Casado está pidiendo que bajemos impuestos a los ricos por respeto a los muertos. Si a ustedes eso no les parece una consigna rara, tampoco les parecerá raro que defiendan el levantamiento del estado de alarma para vencer la COVID-19. Contaba cierto poeta de los verdaderos que, cuando era pequeño, su madre le ponía la bufanda no porque empezase a nevar, sino para que empezase a nevar.

Por eso la derecha también considera que dotar a los niños de una educación gratuita y crítica es fomentar el adoctrinamiento (pero ir a misa no) porque vive de la ignorancia.

No, hacer obligatoria la bufanda no va a traernos la nieve del mismo modo que levantar el confinamiento no va a traernos necesariamente la estabilidad económica. El viento, por muy poética que sea la idea, no lo hacen los árboles agitando sus ramas.

Parece que una vez asumido que a los enfermos los cura ya alguien que está ahí y tal, el país se ha dividido en dos clases de personas: las que necesitan dinero para sobrevivir y las que lo necesitan para no tener que reducir beneficios, y a estos últimos no les parece menos que bolivariano, mentiroso, comunista y asesino un gobierno que defiende (aunque sea por los pelos) a los dos anteriores. Están a favor de las mascarillas obligatorias porque son obligatorias y porque creen que nos impedirán ver la verdad, no porque nos defiendan. La verdad es que esperan que muramos por ellos, que son la patria. Es como escuchar al Ibex35 decirle al coronavirus:

— Te hago en ingreso en la cuenta de siempre.

Sólo que en esa cuenta se contabilizan personas, familiares o no, amigos y amigas o no. Esa cuenta hay que vaciarla, y además para siempre, porque acumula muerte a nombre de la ambición y se financia con mentiras, con odio, con ignorancia y con miedo.

Tanto si ganan (lo que seguramente ya han hecho a pesar de la exhibición de humanismo de un mando único que aún nos debe muchas explicaciones) como si no, voy a extrañar el saludo cortés del caminante desconocido (que volverá), la despedida de alguien que caminó a mi lado (y no volverá); voy a cuidar un dolor mío, remío, que aprenderá a perderse en el luto común. Me ocurrirá lo que a todos, en fin. Pero, también, voy a sentir nostalgia de este breve suspiro del Gran Jardín bajo un cielo momentáneamente resucitado, la posibilidad, por un instante, de una sociedad distinta, y no quiero, ahora, tener que ver a los entusiastas estrellarse de nuevo en su papel de Casandra. ¿Recuerdan a Casandra?: tenía el don de la profecía pero nadie le daba crédito.

— Y un gato.
— Sí Pangur, también tenía un gato, pero esa es otra historia.

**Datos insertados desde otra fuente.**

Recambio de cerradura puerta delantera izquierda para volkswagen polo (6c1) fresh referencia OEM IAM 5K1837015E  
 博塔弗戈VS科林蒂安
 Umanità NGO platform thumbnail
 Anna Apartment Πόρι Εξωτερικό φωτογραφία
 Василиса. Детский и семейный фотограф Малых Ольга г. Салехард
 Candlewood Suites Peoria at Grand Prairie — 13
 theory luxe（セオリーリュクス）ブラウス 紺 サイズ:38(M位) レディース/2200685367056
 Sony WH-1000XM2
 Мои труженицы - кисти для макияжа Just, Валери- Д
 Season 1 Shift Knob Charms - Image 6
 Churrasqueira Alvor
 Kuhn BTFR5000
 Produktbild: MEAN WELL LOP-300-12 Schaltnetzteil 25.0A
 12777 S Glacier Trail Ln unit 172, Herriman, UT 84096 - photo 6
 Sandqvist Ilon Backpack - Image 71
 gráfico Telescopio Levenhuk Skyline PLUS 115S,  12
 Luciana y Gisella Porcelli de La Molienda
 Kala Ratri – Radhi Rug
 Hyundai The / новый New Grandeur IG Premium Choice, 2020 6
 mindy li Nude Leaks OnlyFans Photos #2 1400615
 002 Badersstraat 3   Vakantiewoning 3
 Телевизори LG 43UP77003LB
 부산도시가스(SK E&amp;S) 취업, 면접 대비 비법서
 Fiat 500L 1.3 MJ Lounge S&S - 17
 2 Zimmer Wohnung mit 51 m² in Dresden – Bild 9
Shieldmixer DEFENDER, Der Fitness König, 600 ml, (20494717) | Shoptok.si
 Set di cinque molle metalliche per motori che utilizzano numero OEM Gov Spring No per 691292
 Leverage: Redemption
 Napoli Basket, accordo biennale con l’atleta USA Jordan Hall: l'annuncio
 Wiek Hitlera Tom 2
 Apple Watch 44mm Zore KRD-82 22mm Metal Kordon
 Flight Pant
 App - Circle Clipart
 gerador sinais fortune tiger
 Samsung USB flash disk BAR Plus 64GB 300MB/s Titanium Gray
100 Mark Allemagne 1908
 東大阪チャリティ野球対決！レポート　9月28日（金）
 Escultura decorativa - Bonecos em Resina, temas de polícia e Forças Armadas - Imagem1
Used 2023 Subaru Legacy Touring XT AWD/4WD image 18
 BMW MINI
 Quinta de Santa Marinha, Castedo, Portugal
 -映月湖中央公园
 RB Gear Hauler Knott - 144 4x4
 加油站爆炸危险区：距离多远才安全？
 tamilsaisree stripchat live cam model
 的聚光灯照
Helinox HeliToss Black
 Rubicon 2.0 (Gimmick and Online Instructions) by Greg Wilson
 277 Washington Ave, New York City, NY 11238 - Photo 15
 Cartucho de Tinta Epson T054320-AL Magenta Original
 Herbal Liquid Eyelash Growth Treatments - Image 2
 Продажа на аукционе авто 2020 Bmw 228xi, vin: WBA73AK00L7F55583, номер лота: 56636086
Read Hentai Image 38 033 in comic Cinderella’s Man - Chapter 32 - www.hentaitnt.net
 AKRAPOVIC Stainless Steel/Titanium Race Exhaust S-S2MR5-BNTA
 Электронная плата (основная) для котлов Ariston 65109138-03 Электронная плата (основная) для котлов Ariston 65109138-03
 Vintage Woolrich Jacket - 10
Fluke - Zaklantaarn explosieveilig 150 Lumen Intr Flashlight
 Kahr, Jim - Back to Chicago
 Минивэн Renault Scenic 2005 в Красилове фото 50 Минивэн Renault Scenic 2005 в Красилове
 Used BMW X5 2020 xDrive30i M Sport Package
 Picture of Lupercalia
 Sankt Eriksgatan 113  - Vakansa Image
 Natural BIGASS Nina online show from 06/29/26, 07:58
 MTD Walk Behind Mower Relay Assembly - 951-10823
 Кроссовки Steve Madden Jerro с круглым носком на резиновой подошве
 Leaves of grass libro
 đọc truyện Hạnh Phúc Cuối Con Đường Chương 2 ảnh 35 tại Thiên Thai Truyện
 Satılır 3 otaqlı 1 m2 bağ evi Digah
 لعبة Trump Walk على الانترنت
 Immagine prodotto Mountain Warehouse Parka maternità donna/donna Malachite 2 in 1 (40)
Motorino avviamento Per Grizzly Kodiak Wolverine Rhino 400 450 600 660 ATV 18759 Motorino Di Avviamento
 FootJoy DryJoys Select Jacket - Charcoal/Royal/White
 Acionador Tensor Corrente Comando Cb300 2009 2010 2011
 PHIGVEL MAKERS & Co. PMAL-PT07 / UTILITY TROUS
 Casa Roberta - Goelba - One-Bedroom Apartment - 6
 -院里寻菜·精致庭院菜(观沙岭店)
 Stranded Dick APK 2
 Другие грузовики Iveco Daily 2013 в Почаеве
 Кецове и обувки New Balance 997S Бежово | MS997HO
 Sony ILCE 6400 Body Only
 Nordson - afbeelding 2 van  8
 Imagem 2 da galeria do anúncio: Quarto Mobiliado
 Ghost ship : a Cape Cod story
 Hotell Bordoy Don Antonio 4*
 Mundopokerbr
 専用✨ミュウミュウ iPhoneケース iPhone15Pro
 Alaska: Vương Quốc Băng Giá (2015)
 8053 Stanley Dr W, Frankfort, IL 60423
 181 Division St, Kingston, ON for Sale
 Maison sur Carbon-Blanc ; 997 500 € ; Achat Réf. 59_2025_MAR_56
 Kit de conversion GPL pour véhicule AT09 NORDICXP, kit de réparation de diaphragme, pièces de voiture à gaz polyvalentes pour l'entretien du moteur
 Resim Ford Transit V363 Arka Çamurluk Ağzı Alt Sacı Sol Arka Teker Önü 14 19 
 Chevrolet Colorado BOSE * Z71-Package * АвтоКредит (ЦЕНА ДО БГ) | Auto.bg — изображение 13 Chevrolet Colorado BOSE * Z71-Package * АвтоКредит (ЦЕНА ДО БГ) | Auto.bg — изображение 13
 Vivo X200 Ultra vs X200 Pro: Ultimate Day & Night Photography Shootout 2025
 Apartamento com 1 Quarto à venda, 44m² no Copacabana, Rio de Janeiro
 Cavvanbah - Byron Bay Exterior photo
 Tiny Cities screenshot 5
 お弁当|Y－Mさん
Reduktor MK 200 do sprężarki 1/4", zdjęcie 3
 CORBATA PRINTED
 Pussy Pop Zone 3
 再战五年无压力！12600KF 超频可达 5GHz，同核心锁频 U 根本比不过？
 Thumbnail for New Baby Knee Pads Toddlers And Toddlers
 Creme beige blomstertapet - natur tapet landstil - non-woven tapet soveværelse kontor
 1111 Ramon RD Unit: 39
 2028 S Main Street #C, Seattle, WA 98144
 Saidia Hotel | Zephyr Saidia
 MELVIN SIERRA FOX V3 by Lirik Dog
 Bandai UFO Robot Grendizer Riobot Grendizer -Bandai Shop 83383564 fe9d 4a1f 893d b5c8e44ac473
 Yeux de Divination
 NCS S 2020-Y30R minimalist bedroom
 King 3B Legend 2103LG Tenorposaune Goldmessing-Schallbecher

Verán, una cosa sí hemos aprendido: que nos faltan recursos, unidad y confianza.

— Eso son…
— Lo sé, tres cosas, pero se resumen en una: democracia.

Lo que paga la cuenta de siempre es una lucha contra nuestros recursos, nuestra unidad y nuestra confianza. Lo que paga la cuenta de siempre es la agitación que garantice la separación de esos tres pilares, que emborrone cualquier política que les niegue una mano de obra dispuesta a morir por su dinero (al que llaman Patria). Lo que defienden los del palo de golf en las calles de Madrid no es la libertad, sino su habitual ejercicio de fuerza, su ancestral capacidad de represión, su libertad sagrada de esclavizar al prójimo. Así que hay que cerrar «la cuenta de siempre» si se quiere llegar a una normalidad distinta porque, aunque no esté a nuestro nombre, somos garantes últimos de los abusos que consentimos… y porque, no lo duden, vendrán para pedirnos, otra vez, el sacrificio que salve su inmaculado dinero libre de impuestos. Y les acompañará la policía. Y será un sacrificio más duro, mucho más duro. Y por eso su estrategia de acoso y derribo aún en la peor de las circunstancias, para que la nueva realidad se haga a su antojo. Lo digo en serio: hay que cerrar esa cuenta, para siempre.